For all statistical tests we assumed α = 0.05. For all plots, we used ggplot2 R package (Wickham, 2016).
Comparative Analysis of pG4s Distribution
G4Hunter (Bedrat et al., 2016) algorithm was used to identify pG4s within the coding regions in genomic sequences of A. thaliana, O. sativa, and H. sapiens. Supplementary Table S1 shows distributions and frequencies of identified putative pre-mRNA G4s for every tested species. Observed arrangement of pG4s varied greatly between the plant species, with thale cress nearly reaching an order of magnitude lower cumulative distribution of pG4/kbp than rice (Figure 1A). In contrast, rice pG4 density was only slightly lower than that in humans. Based on the genomic location, every predicted pG4 was assigned to corresponding genic structural element: 5′UTR, 3′UTR, intron, CDS, intron/exon junction (InEx), or UTR/CDS junction. To assess possible over- or underrepresentation of pG4s within these features (“Enrichment” column in Supplementary Table S1), we have compared observed pG4 densities with mean values of pG4 density distributions simulated by random shuffling (for details see section Materials and Methods).

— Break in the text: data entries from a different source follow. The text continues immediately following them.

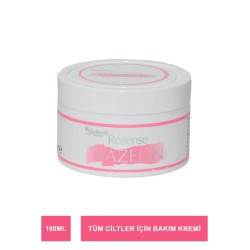 Rosense Vazelin 100 ml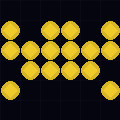 5.133.201.183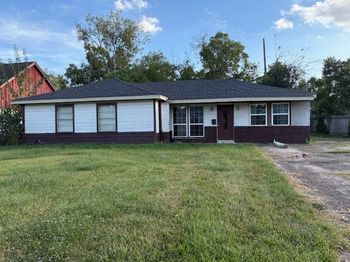 5722 Glenhurst Drive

Figure 1. Distribution of pG4s. (A) Density of mRNA pG4s in thale cress, human and rice. (B) Enrichment of pG4s in structural elements of genes: red for overrepresentation and blue for underrepresentation. FE, pG4s Fold Enrichment; NS, not significant, otherwise p < 0.01.

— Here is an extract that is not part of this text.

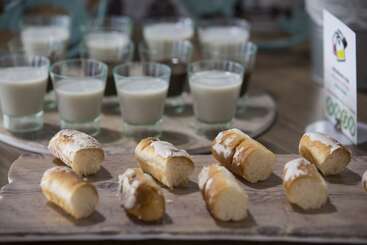 فندق Casual Vintage Valencia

The observed increase in the number of pG4s was not uniform along the gene features and varied between the tested species (Figure 1B and Supplementary Table S1). Similar values were detected only within intron/exon and 3′UTR/CDS junctions. In the case of 3′UTR/CDS junctions, in all species, we observed a strong depletion of pG4s. Higher relative distribution of pG4s in CDS regions and 5′UTR/CDS junctions were found uniquely in plants. In all other cases, rice and Arabidopsis differed from each other. Rice and human sequences show very strong overrepresentation of pG4s in 5′UTRs and, to a lesser extent, in introns. In contrast, Arabidopsis introns seem to be depleted of pG4s. Opposite situation can be observed for 3′UTRs, where we observed a high pG4s density in Arabidopsis and humans, but not in rice. All observed enrichment/depletion values, with an exception of 3’UTR/CDS junctions in Arabidopsis, were statistically significant (p < 0.01). In general, the distribution profiles were in agreement with the previous studies (Huppert and Balasubramanian, 2005; Mullen et al., 2010; Wang et al., 2015) and confirm the validity of the used annotation methodology.
Variability of pG4s
To further evaluate the potential biological significance of G-quadruplexes located within mRNA coding regions, we assessed their sequence variability among 1135 Arabidopsis lines and compared them to publicly available variant data for rice and humans (for details see Materials and Methods). When comparing mean densities of SNPs of pG4s to corresponding gene structural elements (“control”; Figure 2A and Supplementary Table S2), a significantly higher global variability of pG4s could be observed in all three species. The highest sequence dynamics among all tested subjects and gene elements was observed for Arabidopsis in Introns, 3′UTRs (at p = 0.055) and Intron/Exon junctions.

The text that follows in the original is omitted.